Provided information.
·····
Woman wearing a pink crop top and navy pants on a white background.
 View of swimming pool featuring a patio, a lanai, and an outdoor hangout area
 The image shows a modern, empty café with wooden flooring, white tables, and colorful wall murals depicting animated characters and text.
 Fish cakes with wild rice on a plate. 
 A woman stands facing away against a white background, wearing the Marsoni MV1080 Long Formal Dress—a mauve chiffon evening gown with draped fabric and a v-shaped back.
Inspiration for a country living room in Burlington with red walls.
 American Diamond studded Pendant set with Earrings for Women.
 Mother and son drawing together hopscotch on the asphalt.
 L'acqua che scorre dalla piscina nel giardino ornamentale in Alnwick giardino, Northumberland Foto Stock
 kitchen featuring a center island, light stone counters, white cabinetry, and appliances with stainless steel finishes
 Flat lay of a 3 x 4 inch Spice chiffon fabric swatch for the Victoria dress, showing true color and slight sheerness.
·····
Working from the records above, write out verbatim only the lines from the line containing "A woman stands" through the line containing "L'acqua che scorre".

Task result.
 A woman stands facing away against a white background, wearing the Marsoni MV1080 Long Formal Dress—a mauve chiffon evening gown with draped fabric and a v-shaped back.
Inspiration for a country living room in Burlington with red walls.
 American Diamond studded Pendant set with Earrings for Women.
 Mother and son drawing together hopscotch on the asphalt.
 L'acqua che scorre dalla piscina nel giardino ornamentale in Alnwick giardino, Northumberland Foto Stock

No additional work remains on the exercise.